Saturday, July 11, 2009

ruminations

when i was a child, i firmly believed that grown-ups had the answers. answers to, well, to just about everything, really. i thought doctors always knew what was wrong with a sick person, just by a quick examination. i thought ministers and sunday school teachers had a special conduit to god, some extra way of knowing what the bible meant or what god wanted humans to do. i thought parents must have reached a higher level of universal responsibility, to be entrusted with the care of all those tiny humans my own size, who so clearly did not have all the answers.

i always imagined that somewhere around, oh say, your twenty-first birthday, you just "got" the answers somehow. like an all-encompassing light bulb moment, or an epiphany of epic proportions, and then you were no longer a child - you were "one of them."

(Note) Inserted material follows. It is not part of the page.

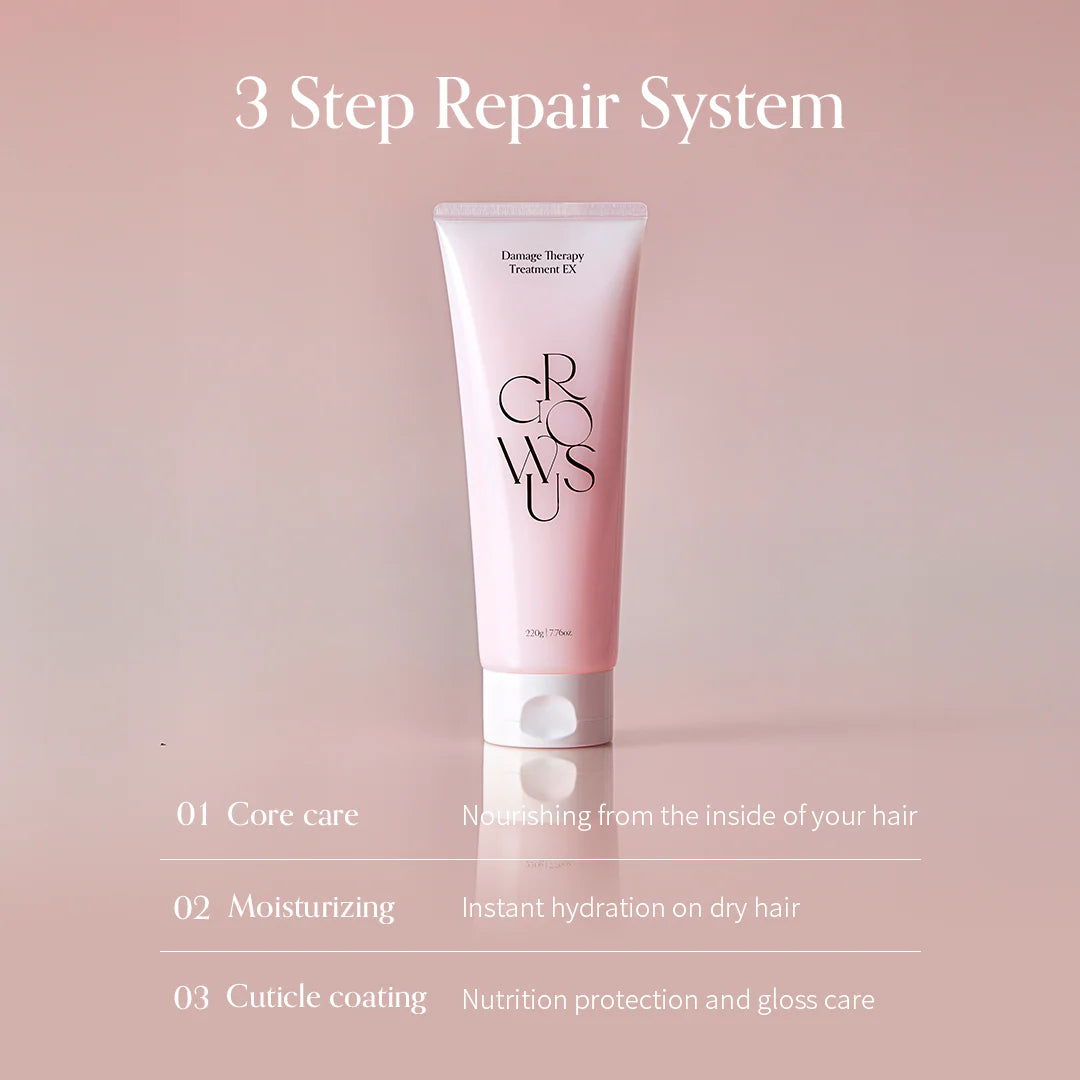 GROWUS - Damage Therapy Treatment, 250g - Seoulma-skincare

in retrospect, i think this innocent belief is one of the essential psychological components of childhood. a kind of a trust factor that must exist for little people to allow themselves and their fully formed wills to be subjugated to the big people, the people with the power, the people who "must" have the answers. of course, i now realize that all the adults in my memory were undoubtedly making it all up as they went along, hoping to god they didn't slip up and reveal the terrifying truth to the wee ones, that none of them had any real idea what they were doing, they merely had suspicions. "pay no attention to the man behind the curtain." indeed, dorothy, indeed...

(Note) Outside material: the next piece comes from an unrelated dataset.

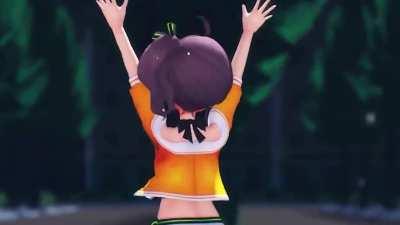 Matsuri if she dances good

as a medical professional, i now know that yes, we have some idea what is wrong with our patients through our education and training, but it's certainly not with the conviction i as a child believed there must be. as a parent, i now understand that conceiving and birthing a child is a biological function, not related in any way to the mental capacities of the adults involved. and as far as religion is concerned, i have most definitely experienced first hand the utter failure of those in authority to be in possession of anything like real answers.

perhaps this failure of a trust exchange between caregiver and child is what ultimately causes the formation of a "bad" person - a person who knew much too soon that there is no universal answer sheet, a person who saw shortly after entering this life that no one is really in charge at all. this early mindset might be the factor that allows certain children to develop into adults who disregard rules, laws, and even the feelings of others, in favor of following their own laws, which to them must be just as valid as those of the impostor "adults" who attempted to foist their made up truth on an already suspicious child. certainly a common denominator in the backgrounds of violent offenders is the rote "bad childhood" we have all come to know the formula for.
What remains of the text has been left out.